NCAA Basketball: Battle 4 Atlantis-St. John's vs Old Dominion Kevin Jairaj-USA TODAY Sports

This is often the most debatable award each year because there are usually many candidates with similar resumes. You might say Talley’s selection is a little unfair given the amount of starts he’s had. My reasoning for selecting the sophomore forward was his performance when he did come of the bench, most notably at Western Kentucky and at UTEP, where he was awarded the MVP in both games.

C-USA Newcomer Of The Year

JaCorey Williams | Middle Tennessee

For the second season in the row, the Newcomer Of The Year is arguably the Player Of The Year. Last season, Marshall’s James Kelley exploded onto the scene in his one year in Huntington, much like Williams has done for the Blue Raiders. Williams is averaging 17.5 points per game and he’s done everything from hitting last-second game winners to putting every team’s big man on a poster. He’s the best player in the conference, but Conference USA will not select a one-year transfer player.

C-USA Defensive Player Of The Year

Dominic Artis | UTEP

NCAA Basketball: Texas-El Paso at Southern Mississippi Chuck Cook-USA TODAY Sports

I’m going to make the Louisiana Tech fans really upset with this pick so let me explain myself.
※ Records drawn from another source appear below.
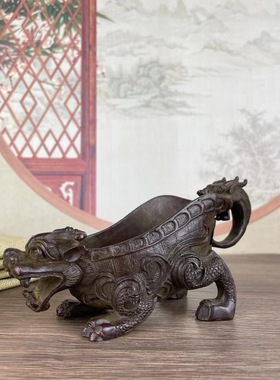 古玩铜器杂项收藏仿古做旧战国龙头酒杯包浆老道家居客厅工艺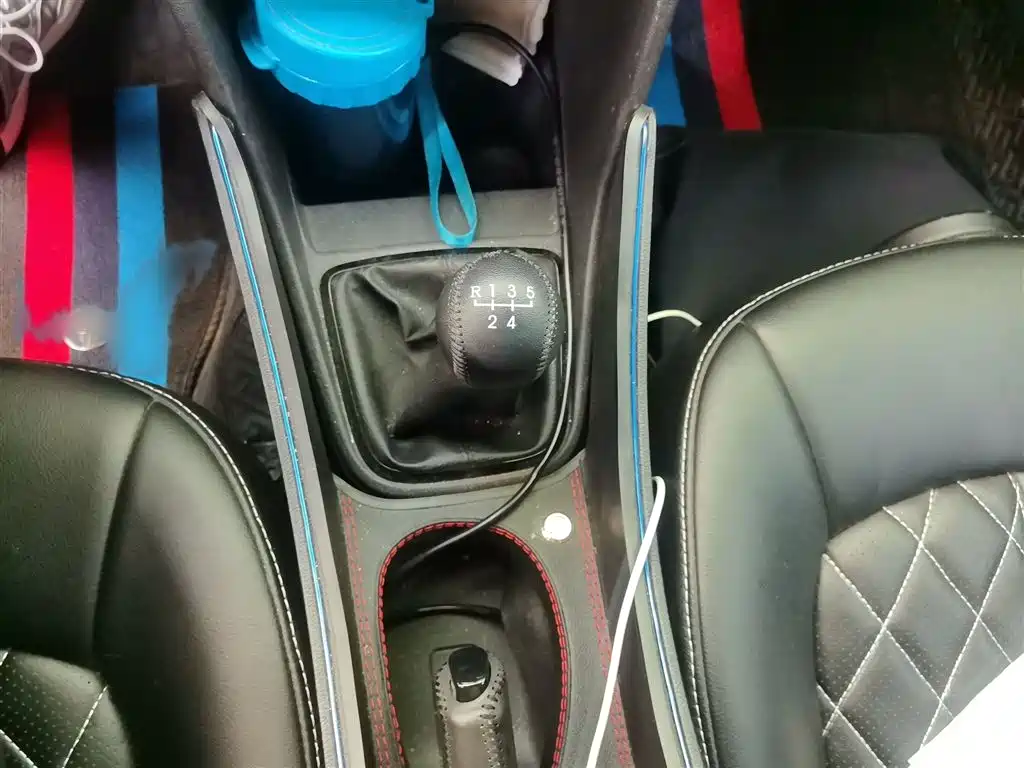 Volkswagen Jetta 2015 Quality Edition 1.4L Manual Fashion фото 6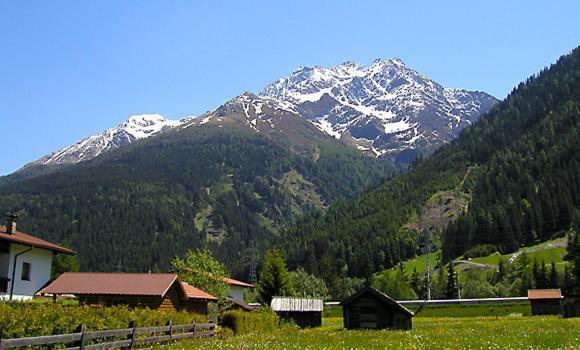 佩特诺伊阿尔贝格Berghaus Maria住宿加早餐旅馆 外观 照片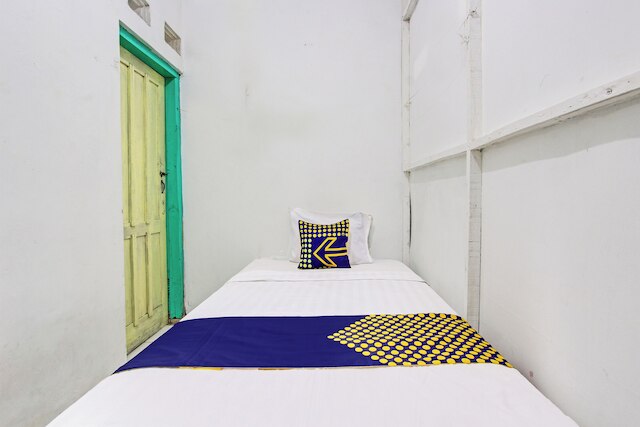 ホテル O カロマ コステル シャリア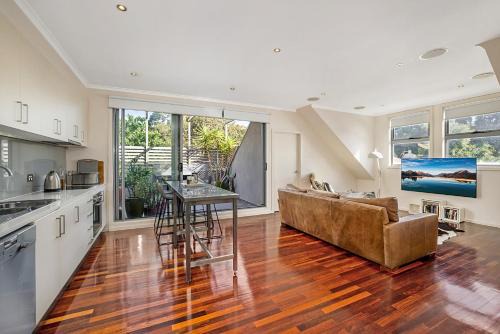 Northcote Apartment | Stunning 2-Bed Unit with BBQ Patio near Dining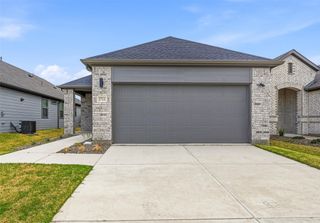 3711 White Rock Drive, Farmersville, TX 75442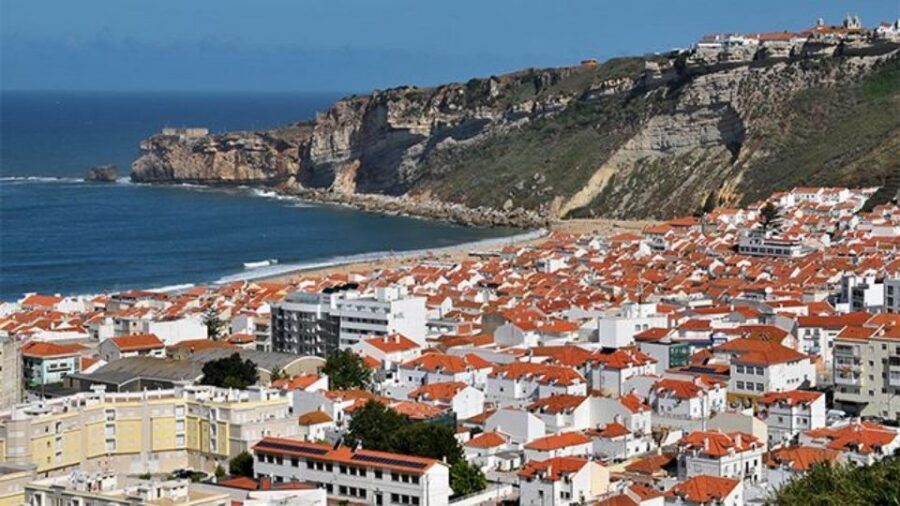 Lisbon to Porto with Óbidos-Nazaré-Fátima-Coimbra-Aveiro - Getting the Most From the Driver and the Private Format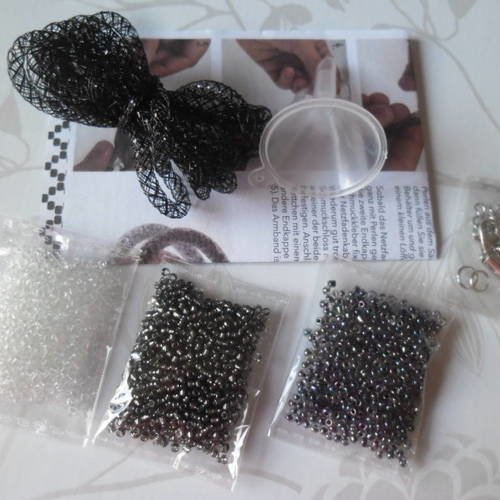 X 1 kit bracelet multi rangs perles de rocaille verre ton noir/blanc métal argenté 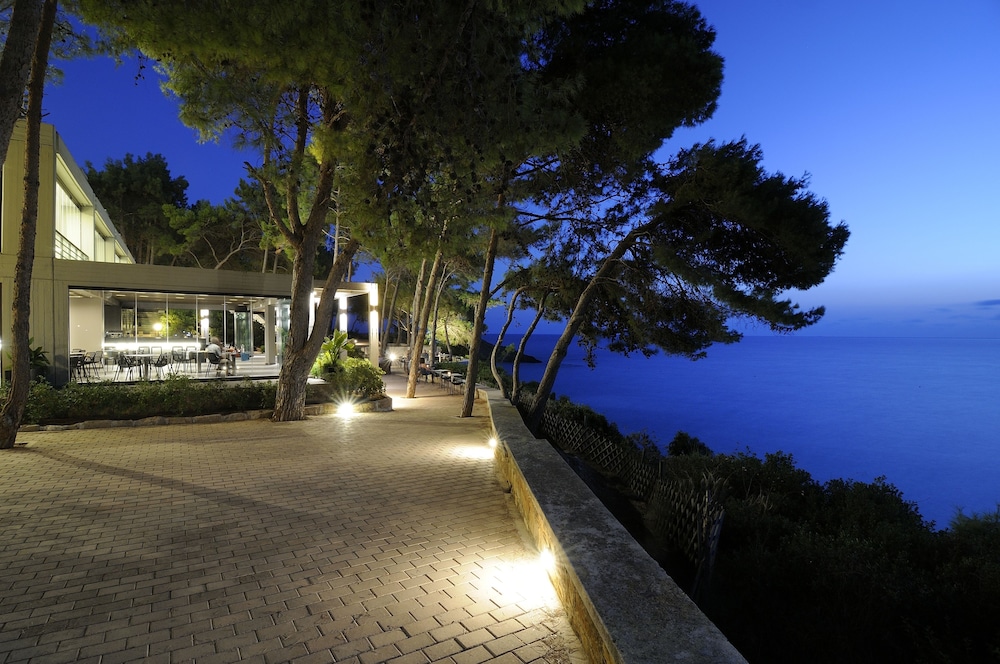 White Rocks Hotel Kefalonia — Restaurant & bars in Lassi, Ionian Islands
This season, the Defensive Player Of The Year is going to the guard who is near the top of the conference in steals and is known as one of the best on-ball defenders, rather than a shot blocker like last year’s William Lee. While the Bulldogs’ Jacobi Boykins does lead the conference in steals with 59, he is not my pick.
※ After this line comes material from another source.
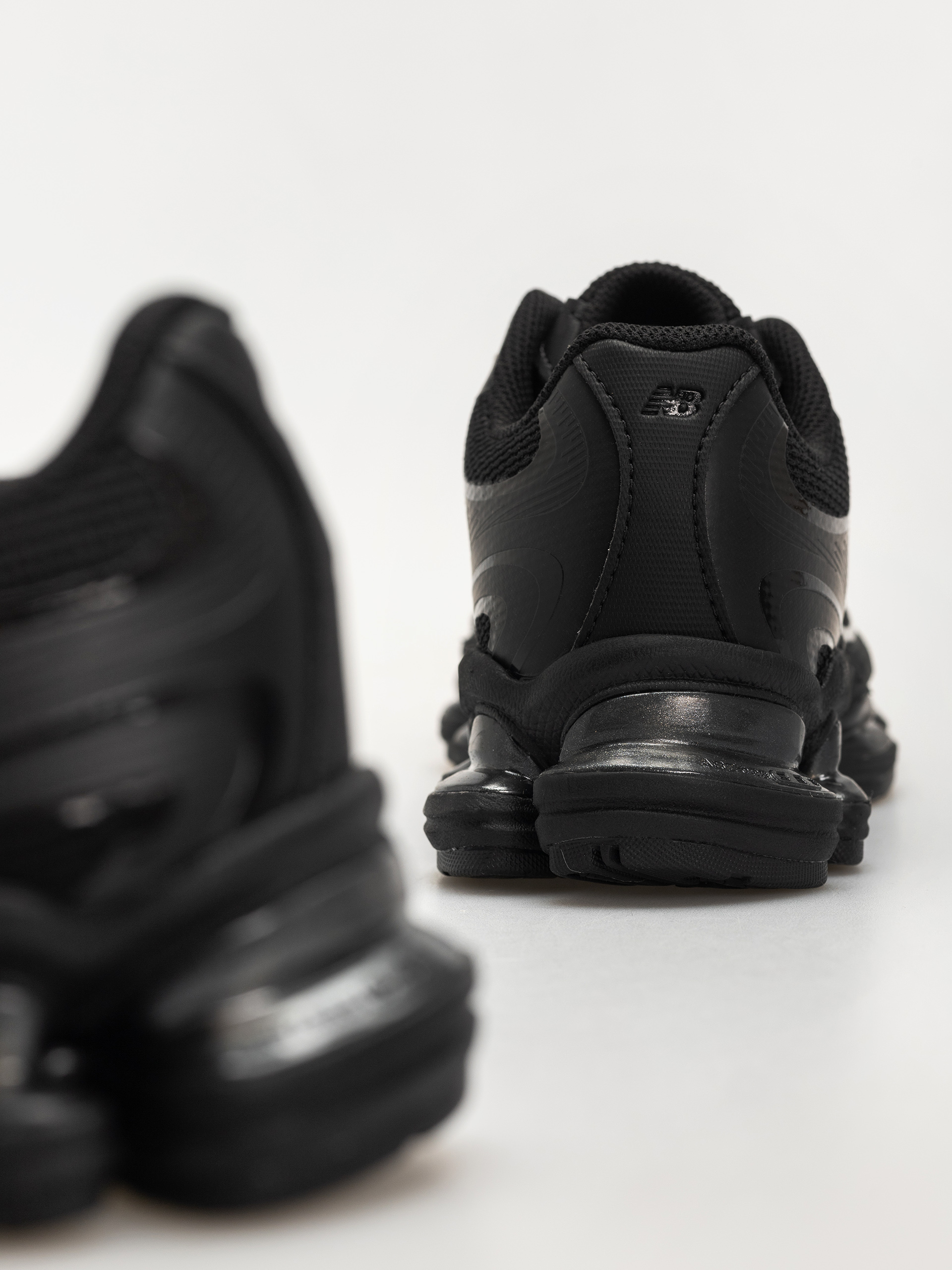 Обувки New Balance 2000 (black/black etb)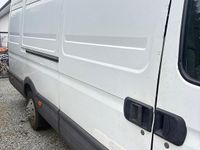Gebraucht Iveco Daily 146 PS (107 kW) 2014 Weiß Van / Kleinbus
Just two steals behind Boykins is the senior from UTEP, who has been the key to putting together the jumbled puzzle that was the Miners’ season in early January. Dominic Artis is the most import cog to Tim Floyd’s point-zone defense, which is the main reason UTEP won 12 conference games after losing 12 straight between November and January.
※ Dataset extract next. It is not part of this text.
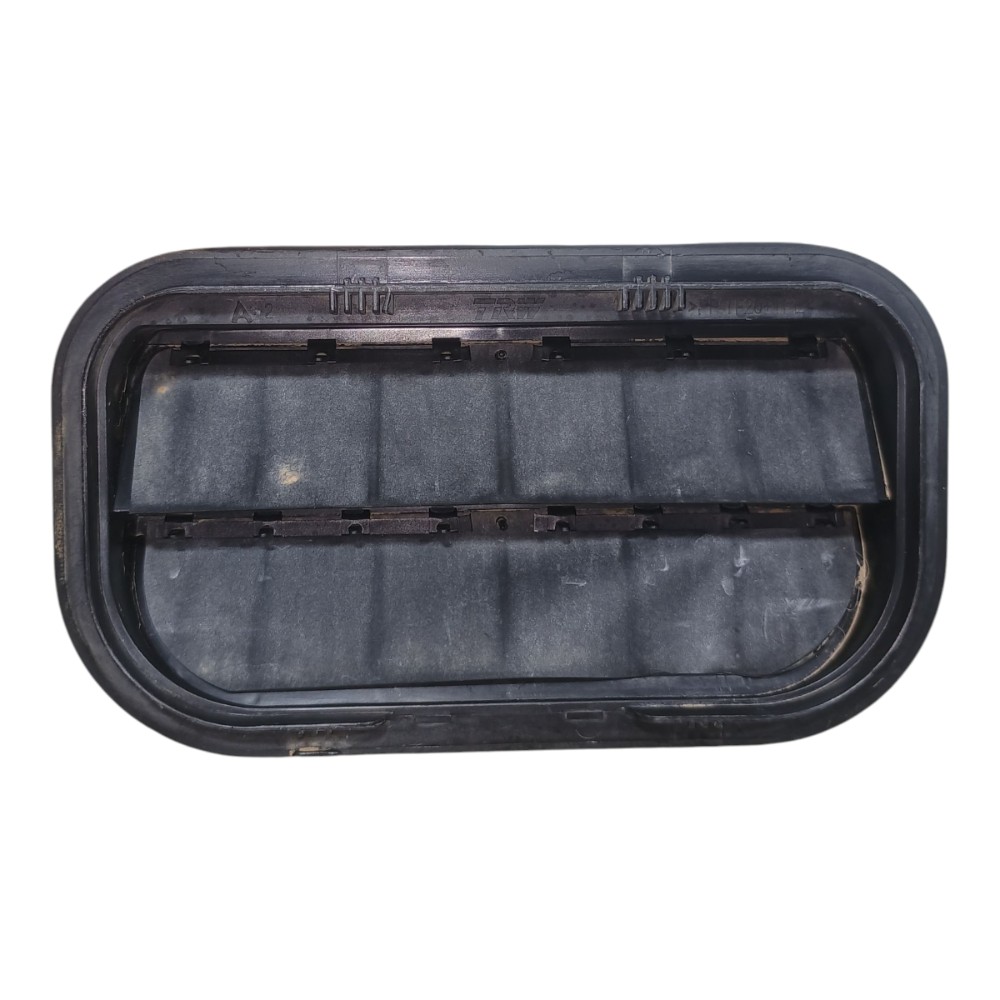 Grade Difusor Ar Ford New Fiesta sedan mexicano 2011 A 2013 *detalhe 1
C-USA Freshman Of The Year

DeQuan Bracey | Louisiana Tech

This award was virtually spoken for before conference play even began. Bracey has been a star for the Bulldogs all season and is second in total assists (185) only to Marshall’s Jon Elmore. His assist-to-turnover ratio of 3.56 ranks sixth in all of college basketball and third among those with over 150 assists. Bracey is incredible. No other way to put it.

C-USA All-Defensive Team

Dominic Artis | UTEP

Jacobi Boykins | Louisiana Tech

William Lee | UAB

Giovanni De Nicolao | UTSA

Justin Johnson | Western Kentucky

C-USA All-Freshman Team

DeQuan Bracey | Louisiana Tech

Tyrik Dixon | Middle Tennessee

Byron Frohnen | UTSA

Giovanni De Nicolao | UTSA

Jalen Harris | Louisiana Tech

All-Conference USA Third Team

Giddy Potts| Middle Tennessee

Ryan Taylor | Marshall

Dominic Artis | UTEP

Jeff Beverley | UTSA

Jacobi Boykins | Louisiana Tech

All-Conference USA Second Team

Reggie Upshaw | Middle Tennessee

Jon Davis | Charlotte

Justin Johnson | Western Kentucky

Marcus Evans | Rice

Omega Harris| UTEP

All-Conference USA First Team

Erik McCree | Louisiana Tech

JaCorey Williams | Middle Tennessee

Egor Koulechov | Rice

Jon Elmore | Marshall

William Lee | UAB

C-USA Player Of The Year

Erik McCree | Louisiana Tech

Louisiana Tech v Ohio State Photo by Jamie Sabau/Getty Images

McCree is one of the most versatile players in all of college basketball and that’s not conference bias hyperbole either. He can literally do it all and is the prototypical stretch-4 that the NBA salivates over.

The Orlando native has accumulated 1,444 points, 136 three pointers, and 696 rebounds over the course of three seasons at Louisiana Tech. During this span, former coach Mike White and current coach Eric Konkol have been loaded with talent, and McCree managed to become an impact player for the Bulldogs from day one.

This will be Louisiana Tech’s third Player Of The Year award in a row and I’d argue this one was the toughest to attain given the unknowns surrounding McCree in terms of the roster. No Conference USA team has had three different players win the award in consecutive seasons, which is an incredible accomplishment for any team at any level in college basketball.